Mein Vortrag beschäftigt sich vorwiegend mit dieser zweiten Ebene. Dabei vertrete ich eine Ansicht, jede Eigenschaft einer Person ein Resultat der Interaktion zwischen Natur und Kultur ist, ohne dass es möglich ist, ihre jeweiligen Anteile zu quantifizieren. Die Verschränkung zwischen, Evolution, Biologie und Kultur ist stets in Bewegung. Was uns bleibt, ist die Reflexion darüber, wie diese Faktoren in den verschiedenen Epochen zusammengewirkt haben. In meinem Vortrag werde ich vor allem untersuchen wie unsere Kultur von Antike bis zur Moderne unsere grundsätzliche Einstellung zu sexueller Lust prägte und geschlechtsspezifisch definierte. Ich bin überzeugt – zumal der Mensch seine Kultur stets neu erschafft – dass eine so verstandene Reflexion wichtige Hinweise für die Gestaltung unserer Sexualität heute und in der Zukunft ergeben kann.
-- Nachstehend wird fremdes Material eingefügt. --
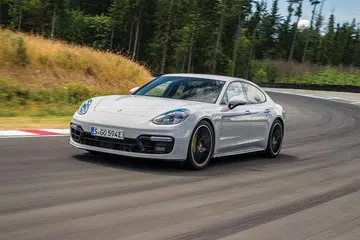 Porsche Panamera Turbo S E Hybrid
- Der Sündenfall, Grosses Zittauer Fstentuch, 1472, Bild: Abegg Stiftung Riggisberg
THEMEN DES VORTRAGS IM ÜBERBLICK
TEIL 1. SEXUALITÄT IN DER KULTUR DES PATRIARCHATS
· Antike: Entmystifizierung der heidnischen Sinnlichkeit
· Frühchristentum und im Mittelalter: Religiöser Eifer und Kultur der sexuellen Disziplinierung
· Sieg der Aufklärung: Sexualität wird zur Privatsache
· Aufstieg der sexuellen Freiheit und Libertinage – männliche Promiskuität und weibliche Tugend
TEIL 2. IRRWEGE UND ERRUNGENSCHAFTEN DER SEXUALLWISSENSCHAFT
· Verhängnisvolles Erbe von Dr.Kraft-Ebbing
· Errungenschaft des 21. Jh.: Korrekte Darstellung der weiblichen sexuellen Organe
· „Frauen sind von Venus und Männer sind vom Mars“ – Mythen über die Unterschiede zwischen männlicher und weiblicher Sexualität aus neurobiologischer Sicht
· Übergreifendes neuroendokrines Regulationsmodell von sexueller Aktivität und Bindung und die Frage der sexueller Kontrolle
· Blick in die Zukunft: Welche Beziehungs-Modelle ergeben sich aus den neuen Erkenntnissen?